Start of Block

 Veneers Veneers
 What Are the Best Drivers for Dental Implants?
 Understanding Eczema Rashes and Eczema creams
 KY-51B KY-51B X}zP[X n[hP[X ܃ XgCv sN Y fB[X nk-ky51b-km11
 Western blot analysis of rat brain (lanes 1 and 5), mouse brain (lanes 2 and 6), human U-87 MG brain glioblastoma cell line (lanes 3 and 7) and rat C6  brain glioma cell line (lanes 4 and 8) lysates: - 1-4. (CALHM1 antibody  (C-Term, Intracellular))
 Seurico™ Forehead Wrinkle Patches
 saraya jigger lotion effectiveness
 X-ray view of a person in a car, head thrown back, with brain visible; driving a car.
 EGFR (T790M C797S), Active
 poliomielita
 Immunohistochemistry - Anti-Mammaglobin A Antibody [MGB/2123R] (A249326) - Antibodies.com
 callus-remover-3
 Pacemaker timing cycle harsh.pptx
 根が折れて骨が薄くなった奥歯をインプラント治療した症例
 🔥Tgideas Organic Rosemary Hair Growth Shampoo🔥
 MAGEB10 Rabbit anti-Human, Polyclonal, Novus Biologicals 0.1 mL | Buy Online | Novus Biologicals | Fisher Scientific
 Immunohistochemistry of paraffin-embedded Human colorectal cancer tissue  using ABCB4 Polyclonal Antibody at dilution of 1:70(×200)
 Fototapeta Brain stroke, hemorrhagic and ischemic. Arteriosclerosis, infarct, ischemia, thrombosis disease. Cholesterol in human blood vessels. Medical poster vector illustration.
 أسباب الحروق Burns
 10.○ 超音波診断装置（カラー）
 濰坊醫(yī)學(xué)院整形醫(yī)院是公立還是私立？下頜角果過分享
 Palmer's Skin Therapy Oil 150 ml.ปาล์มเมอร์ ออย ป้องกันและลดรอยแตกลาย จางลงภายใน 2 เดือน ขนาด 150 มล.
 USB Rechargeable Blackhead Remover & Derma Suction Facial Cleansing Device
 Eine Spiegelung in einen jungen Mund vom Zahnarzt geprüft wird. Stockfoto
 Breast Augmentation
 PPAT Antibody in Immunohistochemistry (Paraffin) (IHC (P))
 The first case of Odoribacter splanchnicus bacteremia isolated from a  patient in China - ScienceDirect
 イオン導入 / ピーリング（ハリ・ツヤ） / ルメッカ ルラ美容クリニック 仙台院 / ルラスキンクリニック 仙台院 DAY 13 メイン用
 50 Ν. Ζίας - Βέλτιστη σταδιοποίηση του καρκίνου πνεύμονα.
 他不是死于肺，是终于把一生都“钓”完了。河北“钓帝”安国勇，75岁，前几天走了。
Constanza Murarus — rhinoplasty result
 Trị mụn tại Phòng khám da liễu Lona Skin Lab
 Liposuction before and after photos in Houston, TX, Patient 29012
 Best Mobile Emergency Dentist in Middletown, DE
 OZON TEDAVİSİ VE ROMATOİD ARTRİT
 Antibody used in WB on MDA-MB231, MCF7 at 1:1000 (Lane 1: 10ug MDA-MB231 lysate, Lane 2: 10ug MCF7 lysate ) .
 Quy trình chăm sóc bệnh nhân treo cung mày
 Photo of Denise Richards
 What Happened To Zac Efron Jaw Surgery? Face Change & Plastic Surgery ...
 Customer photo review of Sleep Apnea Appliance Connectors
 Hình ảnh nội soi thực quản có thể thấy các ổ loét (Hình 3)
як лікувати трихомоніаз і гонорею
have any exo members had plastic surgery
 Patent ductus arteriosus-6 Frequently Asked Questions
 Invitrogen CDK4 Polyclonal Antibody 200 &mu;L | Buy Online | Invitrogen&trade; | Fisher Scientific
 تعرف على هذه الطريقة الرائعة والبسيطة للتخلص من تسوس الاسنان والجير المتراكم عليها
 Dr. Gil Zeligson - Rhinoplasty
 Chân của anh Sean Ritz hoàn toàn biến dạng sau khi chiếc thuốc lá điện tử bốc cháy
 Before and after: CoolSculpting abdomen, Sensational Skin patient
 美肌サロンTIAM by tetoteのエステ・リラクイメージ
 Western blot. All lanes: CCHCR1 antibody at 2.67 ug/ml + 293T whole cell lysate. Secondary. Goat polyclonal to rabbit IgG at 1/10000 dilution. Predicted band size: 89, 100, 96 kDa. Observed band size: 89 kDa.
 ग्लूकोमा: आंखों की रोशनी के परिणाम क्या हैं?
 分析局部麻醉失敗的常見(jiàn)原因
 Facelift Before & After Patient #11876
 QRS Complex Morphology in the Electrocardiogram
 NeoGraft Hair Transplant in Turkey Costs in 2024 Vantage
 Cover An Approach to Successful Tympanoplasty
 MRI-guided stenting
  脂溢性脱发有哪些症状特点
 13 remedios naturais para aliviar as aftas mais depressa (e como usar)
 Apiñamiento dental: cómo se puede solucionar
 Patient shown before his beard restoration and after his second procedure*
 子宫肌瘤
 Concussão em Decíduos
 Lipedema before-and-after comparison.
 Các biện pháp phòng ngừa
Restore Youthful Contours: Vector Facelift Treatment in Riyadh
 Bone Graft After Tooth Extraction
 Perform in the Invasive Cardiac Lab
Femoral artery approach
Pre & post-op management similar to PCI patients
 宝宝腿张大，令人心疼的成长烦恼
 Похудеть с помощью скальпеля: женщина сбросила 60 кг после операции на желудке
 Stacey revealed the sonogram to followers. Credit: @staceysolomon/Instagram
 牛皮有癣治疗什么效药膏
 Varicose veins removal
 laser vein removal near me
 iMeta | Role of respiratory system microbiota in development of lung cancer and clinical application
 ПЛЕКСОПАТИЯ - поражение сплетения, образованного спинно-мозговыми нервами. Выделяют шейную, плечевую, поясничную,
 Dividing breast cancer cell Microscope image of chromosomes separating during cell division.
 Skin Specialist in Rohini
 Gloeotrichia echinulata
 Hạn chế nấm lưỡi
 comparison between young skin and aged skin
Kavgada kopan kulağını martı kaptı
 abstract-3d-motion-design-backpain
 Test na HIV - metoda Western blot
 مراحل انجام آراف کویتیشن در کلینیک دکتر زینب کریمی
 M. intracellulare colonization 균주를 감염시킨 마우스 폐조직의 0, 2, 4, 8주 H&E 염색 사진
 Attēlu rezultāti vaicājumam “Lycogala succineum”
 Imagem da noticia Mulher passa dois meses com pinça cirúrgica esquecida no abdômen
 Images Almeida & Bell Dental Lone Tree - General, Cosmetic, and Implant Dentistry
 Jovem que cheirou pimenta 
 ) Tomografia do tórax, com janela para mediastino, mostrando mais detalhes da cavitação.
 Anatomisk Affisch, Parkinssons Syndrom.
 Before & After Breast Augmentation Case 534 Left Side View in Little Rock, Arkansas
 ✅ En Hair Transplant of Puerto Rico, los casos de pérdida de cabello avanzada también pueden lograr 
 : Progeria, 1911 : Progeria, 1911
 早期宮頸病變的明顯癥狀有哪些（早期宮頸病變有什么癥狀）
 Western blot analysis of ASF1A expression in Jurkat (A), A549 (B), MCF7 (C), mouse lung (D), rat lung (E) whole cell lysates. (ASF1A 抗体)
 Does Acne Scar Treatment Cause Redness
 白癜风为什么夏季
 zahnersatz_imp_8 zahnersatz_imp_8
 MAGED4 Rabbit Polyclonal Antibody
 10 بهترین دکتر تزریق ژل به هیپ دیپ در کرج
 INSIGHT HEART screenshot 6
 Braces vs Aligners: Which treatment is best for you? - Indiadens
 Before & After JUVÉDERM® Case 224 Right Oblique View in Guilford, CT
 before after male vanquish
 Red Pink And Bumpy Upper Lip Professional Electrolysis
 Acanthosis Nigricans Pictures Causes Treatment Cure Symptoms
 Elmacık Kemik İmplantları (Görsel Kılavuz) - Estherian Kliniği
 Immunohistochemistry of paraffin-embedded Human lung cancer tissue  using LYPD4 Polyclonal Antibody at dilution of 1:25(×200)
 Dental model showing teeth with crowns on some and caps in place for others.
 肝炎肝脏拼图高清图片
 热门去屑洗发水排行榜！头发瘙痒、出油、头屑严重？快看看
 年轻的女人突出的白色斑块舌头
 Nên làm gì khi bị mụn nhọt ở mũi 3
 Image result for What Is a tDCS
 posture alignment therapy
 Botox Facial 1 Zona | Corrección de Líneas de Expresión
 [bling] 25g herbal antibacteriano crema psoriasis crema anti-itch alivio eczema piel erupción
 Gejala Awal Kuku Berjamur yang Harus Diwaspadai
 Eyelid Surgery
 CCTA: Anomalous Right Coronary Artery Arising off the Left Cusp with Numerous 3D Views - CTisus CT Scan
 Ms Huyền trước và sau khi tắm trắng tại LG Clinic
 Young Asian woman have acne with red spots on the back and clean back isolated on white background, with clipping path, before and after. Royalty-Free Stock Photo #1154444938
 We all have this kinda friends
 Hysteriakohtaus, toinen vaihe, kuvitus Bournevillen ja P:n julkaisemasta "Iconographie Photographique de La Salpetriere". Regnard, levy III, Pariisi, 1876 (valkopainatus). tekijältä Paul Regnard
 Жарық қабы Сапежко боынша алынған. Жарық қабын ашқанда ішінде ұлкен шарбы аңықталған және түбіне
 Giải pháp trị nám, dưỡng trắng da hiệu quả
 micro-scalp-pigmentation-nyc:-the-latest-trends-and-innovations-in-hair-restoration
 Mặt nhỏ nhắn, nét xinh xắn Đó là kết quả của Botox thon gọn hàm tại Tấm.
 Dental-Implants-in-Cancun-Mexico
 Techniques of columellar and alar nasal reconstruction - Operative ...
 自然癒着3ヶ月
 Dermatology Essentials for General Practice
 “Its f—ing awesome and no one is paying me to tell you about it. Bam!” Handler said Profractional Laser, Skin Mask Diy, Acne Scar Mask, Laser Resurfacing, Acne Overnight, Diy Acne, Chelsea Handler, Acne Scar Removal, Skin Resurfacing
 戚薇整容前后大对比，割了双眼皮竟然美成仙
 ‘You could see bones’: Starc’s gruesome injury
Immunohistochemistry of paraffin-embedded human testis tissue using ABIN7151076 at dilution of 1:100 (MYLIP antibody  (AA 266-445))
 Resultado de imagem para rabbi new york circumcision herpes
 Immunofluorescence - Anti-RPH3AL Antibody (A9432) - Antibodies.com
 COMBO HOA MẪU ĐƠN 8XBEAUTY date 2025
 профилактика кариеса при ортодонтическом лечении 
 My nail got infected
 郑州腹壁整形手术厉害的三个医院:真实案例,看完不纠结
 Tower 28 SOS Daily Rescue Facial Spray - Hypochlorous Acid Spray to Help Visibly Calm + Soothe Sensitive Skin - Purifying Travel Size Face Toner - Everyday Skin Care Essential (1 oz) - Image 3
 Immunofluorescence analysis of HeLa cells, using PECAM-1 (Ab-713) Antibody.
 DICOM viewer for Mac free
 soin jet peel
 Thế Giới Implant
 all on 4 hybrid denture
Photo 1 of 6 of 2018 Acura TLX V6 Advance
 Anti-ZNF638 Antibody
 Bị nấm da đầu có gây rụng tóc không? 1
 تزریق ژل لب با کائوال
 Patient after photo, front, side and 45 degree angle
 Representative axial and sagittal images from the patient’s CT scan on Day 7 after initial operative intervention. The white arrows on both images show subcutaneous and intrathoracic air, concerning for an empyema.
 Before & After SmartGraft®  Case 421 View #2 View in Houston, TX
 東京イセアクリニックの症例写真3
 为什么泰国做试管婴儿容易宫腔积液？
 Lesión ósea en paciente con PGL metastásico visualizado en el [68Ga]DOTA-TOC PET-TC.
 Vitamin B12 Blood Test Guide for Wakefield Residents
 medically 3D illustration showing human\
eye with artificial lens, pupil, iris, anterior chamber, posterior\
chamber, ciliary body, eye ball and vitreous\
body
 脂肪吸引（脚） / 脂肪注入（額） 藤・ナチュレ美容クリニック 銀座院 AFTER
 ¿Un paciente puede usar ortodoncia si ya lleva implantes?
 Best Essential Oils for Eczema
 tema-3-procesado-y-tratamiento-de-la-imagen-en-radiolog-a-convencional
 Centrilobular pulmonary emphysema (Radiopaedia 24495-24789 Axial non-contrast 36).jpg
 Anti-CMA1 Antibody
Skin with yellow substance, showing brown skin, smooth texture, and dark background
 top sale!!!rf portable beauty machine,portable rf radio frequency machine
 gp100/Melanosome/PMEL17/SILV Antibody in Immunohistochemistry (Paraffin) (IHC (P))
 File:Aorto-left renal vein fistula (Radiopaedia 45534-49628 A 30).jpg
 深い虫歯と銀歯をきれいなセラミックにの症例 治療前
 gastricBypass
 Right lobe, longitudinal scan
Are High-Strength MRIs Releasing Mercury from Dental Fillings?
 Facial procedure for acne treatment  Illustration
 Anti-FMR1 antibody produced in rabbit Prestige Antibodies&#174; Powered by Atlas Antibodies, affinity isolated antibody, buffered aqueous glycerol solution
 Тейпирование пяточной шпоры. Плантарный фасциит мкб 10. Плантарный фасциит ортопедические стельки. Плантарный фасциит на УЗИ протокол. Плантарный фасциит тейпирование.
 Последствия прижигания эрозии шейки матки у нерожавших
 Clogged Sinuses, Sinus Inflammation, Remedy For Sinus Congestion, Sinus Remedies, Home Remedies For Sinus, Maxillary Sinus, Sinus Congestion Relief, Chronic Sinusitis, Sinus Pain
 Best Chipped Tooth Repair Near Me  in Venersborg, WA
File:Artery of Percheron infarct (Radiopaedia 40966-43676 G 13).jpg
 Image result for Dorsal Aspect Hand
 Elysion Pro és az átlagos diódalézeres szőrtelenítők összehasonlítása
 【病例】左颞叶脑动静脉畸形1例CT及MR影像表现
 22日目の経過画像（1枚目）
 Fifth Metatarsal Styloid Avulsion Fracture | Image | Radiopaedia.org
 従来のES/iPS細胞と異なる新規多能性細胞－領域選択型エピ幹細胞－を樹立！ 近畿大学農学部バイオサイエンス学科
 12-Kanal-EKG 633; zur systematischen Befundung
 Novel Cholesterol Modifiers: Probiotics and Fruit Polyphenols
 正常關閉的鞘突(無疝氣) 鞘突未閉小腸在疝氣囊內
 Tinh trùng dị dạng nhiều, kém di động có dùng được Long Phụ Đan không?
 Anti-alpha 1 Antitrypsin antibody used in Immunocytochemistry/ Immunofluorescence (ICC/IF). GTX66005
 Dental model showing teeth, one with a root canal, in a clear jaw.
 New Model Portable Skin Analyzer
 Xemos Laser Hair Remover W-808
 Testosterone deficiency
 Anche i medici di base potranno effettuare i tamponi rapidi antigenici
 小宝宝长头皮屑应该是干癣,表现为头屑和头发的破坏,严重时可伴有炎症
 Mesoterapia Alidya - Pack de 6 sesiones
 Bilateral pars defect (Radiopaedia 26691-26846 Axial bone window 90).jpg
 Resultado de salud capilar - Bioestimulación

End of Block

**ASSIGNED TASK:** Make a copy of each line in the records that has the word "mais".

**RESULT:**
 13 remedios naturais para aliviar as aftas mais depressa (e como usar)
 ) Tomografia do tórax, com janela para mediastino, mostrando mais detalhes da cavitação.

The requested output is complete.